Prefetto, in che stato è lo stadio?
«Penoso. Mi occupo settimanalmente degli eventi di pubblico spettacolo che si tengono in questa provincia e ogni volta che si parla delle partite al Sant'Elia è un nuovo dolore. Non so per quanto ancora potremo concedere l'agibilità, speriamo davvero che non accada nulla, altrimenti saremmo costretti a chiuderlo».
I tifosi meritano di meglio.
«Senza dubbio. Questo stato di totale assenza di prospettive, con le parti che non dialogano, fra la complessa situazione a Elmas e l'immobilismo assoluto di Cagliari, non porta da nessuna parte. La struttura così come si presenta oggi non può durare, nonostante la buona volontà del Comune, del Cagliari e soprattutto dei tifosi. Questo scenario inestricabile danneggia soprattutto chi ama il calcio e vuole sostenere la squadra-simbolo dell'Isola».

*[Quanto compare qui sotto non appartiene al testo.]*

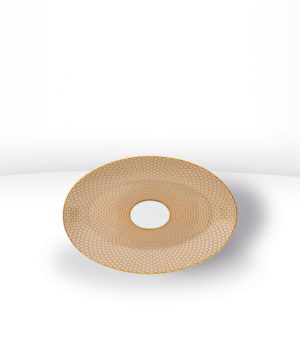 Plat ovale motif n°3 orange Trésor - RAYNAUD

Come superare questa situazione?
«Non vedo grandi prospettive. Se decidiamo di bloccare le manifestazioni sportive al Sant'Elia, le alternative non ci sono. Il conflitto fra le parti non genera soluzioni: il Comune ogni tanto cerca di rabberciare la struttura e di eliminare i rischi, ma non può andare avanti così. Ci si sieda attorno a un tavolo, magari anche qui, nel mio ufficio, e si riprenda seriamente a parlare: lo stadio deve rinascere, non importa se sarà il Comune o il Cagliari a fare il primo passo».

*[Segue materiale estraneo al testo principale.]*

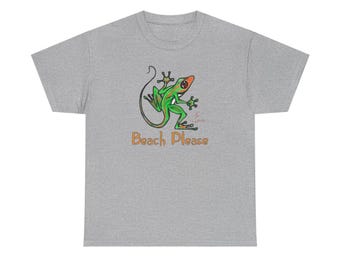 Beach Please "Tom Beetle" Lizard Shirt
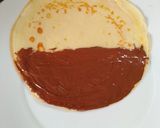 A picture of step 5 of Chocolate Crepes.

Qual è il suo punto di vista sulla soluzione Elmas?
«Premesso che le parti in causa sanno perfettamente come e quando muoversi, da appassionato di calcio sottolineo che Cagliari merita un impianto di alto livello in città. Osservo, se parliamo di Elmas, che il veto posto dall'Enac, peraltro recentemente confermato, mi pare un ostacolo insormontabile».

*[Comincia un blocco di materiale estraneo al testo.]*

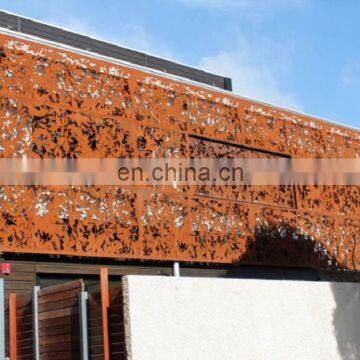 Modern Design Corten Steel Perforated Metal Cladding Price photo-6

Appuntamento in Prefettura, allora.
«Perché no, se potessi essere d'aiuto per far ripartire la questione, metterei a disposizione anche questo ufficio. Mi pare incredibile che lo stadio cada a pezzi e nessuno, in questa città, sembra essere seriamente preoccupato. Attenzione, il Sant'Elia potrebbe chiudere presto».
Enrico Pilia
L'opinione Ora basta scherzare col fuoco (e coi tifosi)
di Michele Ruffi
Ora non è più tempo di scherzare. Al netto della diplomazia e dei toni che deve usare un rappresentante del Governo, Giovanni Balsamo vorrebbe dire proprio questo. Le condizioni più che pietose del Sant'Elia non consentono un ulteriore indugio sui lavori di manutenzione. Tanto più che la via d'uscita, cioè la costruzione del nuovo stadio a Elmas, si è quantomeno complicata dopo i vincoli imposti dall'Enac sui terreni vicini all'aeroporto. E allora appare difficile che il Cagliari calcio realizzi la Karalis Arena entro la fine del 2012, come previsto dai vertici della società.
Dunque bisogna trovare una soluzione per quell'anziano signore di cemento armato che domina il panorama di Sant'Elia. Un impianto sportivo costruito nel 1970 e ristrutturato in tutta fretta vent'anni dopo, per i mondiali del 1990. Ora che è passato un altro ventennio abbondante non si può perdere altro tempo. Cellino lo sa ed è per questo che martedì ha allacciato il discorso con il sindaco Massimo Zedda. Perché se non si trova una soluzione, il rischio non è più quello bagnarsi sotto la pioggia, o fare i conti con i seggiolini scomodi, i bagni inesistenti e la distanza siderale tra tribune e campo di gioco. Il rischio è che il Sant'Elia chiuda «presto», come avverte il prefetto.
D'altronde, «c'è l'urgenza assoluta di rifare uno stadio che non sta più in piedi», come disse l'ex presidente del Consiglio comunale Sandro Corsini a dicembre del 2001, esattamente dieci anni fa.
Da allora non è cambiato nulla: questo è il problema.